Problem:
Below are records with pictures in them. Transcribe everything from the line containing "カラーコード: RGB 150.7 128.6 41 | qconv.com" down to the line containing "Elegant Highboard High", exactly, and leave the pictures behind.

Study material:
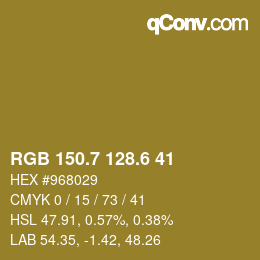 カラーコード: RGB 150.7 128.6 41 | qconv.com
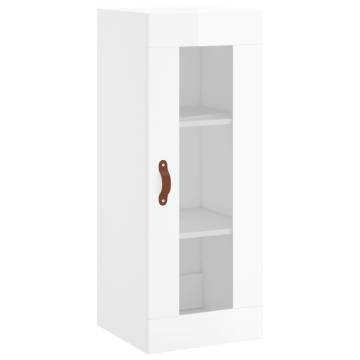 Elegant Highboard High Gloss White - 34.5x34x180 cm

==

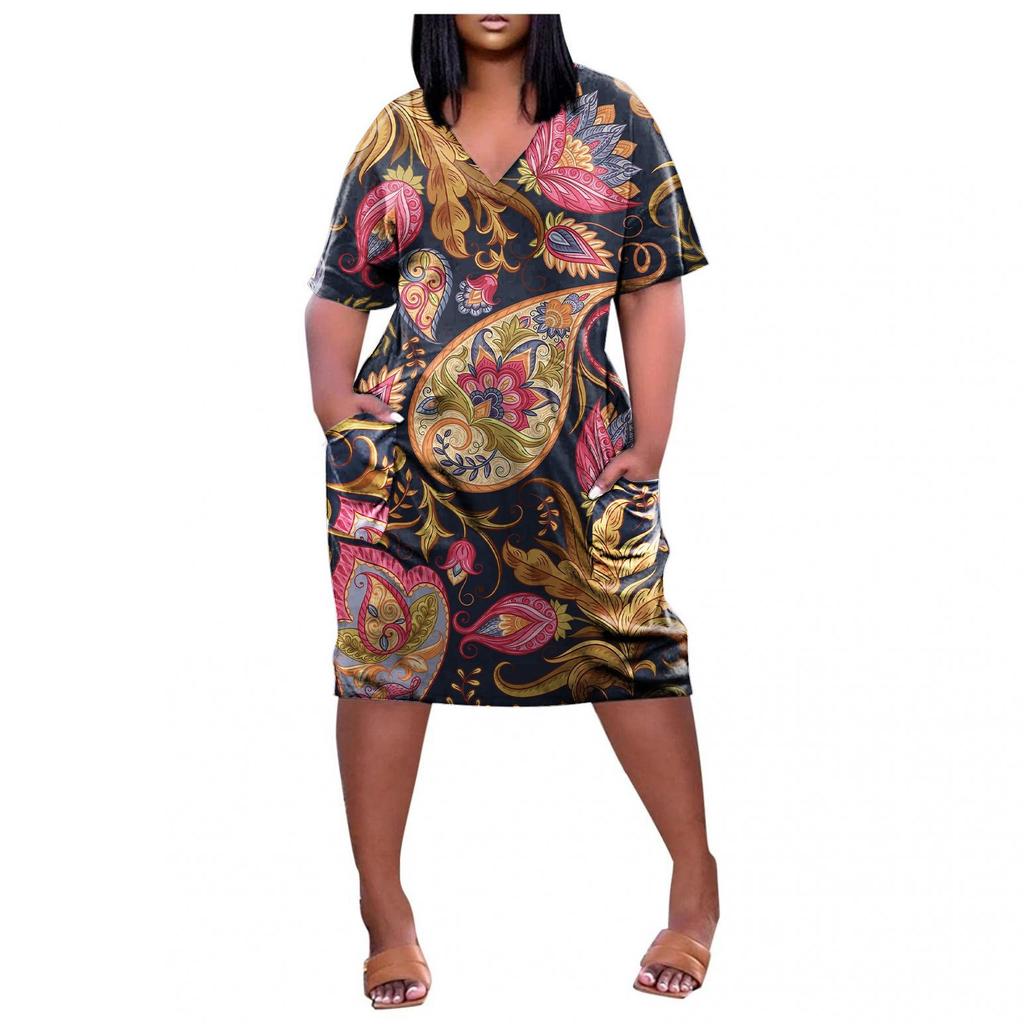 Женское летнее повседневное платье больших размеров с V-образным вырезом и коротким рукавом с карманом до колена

Result:
 カラーコード: RGB 150.7 128.6 41 | qconv.com
 Elegant Highboard High Gloss White - 34.5x34x180 cm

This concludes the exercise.